I think part of the problem was trying to save space on the hd. My last computer had an 800mb hd and saving space was a constant task. I brought this habit over to the new machine and as they say old habits die hard.
Todd Vanyo
2007-02-16 04:33:59
I recently came to the same conclusion about Finder. I had downloaded Pathfinder and realized 90% of the stuff I liked about it could be done with folders on the Sidebar.


I didn't want to pay for something that Apple may decide to do in Finder someday (tabs in Safari! - tabs in Finder?). I forced myself to put folders in the Sidebar and have found it much faster to use.
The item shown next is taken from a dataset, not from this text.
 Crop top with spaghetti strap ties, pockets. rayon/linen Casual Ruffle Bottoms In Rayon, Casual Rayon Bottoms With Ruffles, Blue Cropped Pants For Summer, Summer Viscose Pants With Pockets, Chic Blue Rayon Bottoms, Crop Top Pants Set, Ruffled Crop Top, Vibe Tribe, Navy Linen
As for the Documents folder - if Entourage stuff wasn't in there I'd drop that folder in a minute.

jbelkin
2007-02-16 10:04:52
Good column - you're absolutely right. While some people seem to hate the dock also, a lot of people fail to realize that the dock holds folders or aliases of folders so with a few folders in the dock, I can access a couple hundred files and apps without having to install a 3rd parety app and hoping it's upodated with every ystem revision or update ... and of course, you don't just need to live the blue folder icon, you can change it visually to something more easy to identify INTERNET apps from GRAPHICS apps ... you also also move the DASHBOARD inside a folder ...
Marcos
2007-02-16 13:52:51
re:Steven - there are ways using ACL (access control lists) to share an iTunes or an iPhoto library across all users. I found the hint at macosxhints for iphoto and set up my parents computer that way. I'm sure a similar setup would work for iTunes... but ACL is in Tiger and later only. Just in case you ever change your mind and want one iSomething library for all.
David
2007-02-16 15:27:08
I'd guess that most experienced Mac users don't realize that application and folder aliases can be stored in the Finder tool bar. In fact I'd bet most don't even realize it is a tool bar because the solid metal color offers no visual clue that the buttons can be moved, removed or added to. Besides that, it's highly unlikely that any Mac user would right click in the tool bar even accidentally.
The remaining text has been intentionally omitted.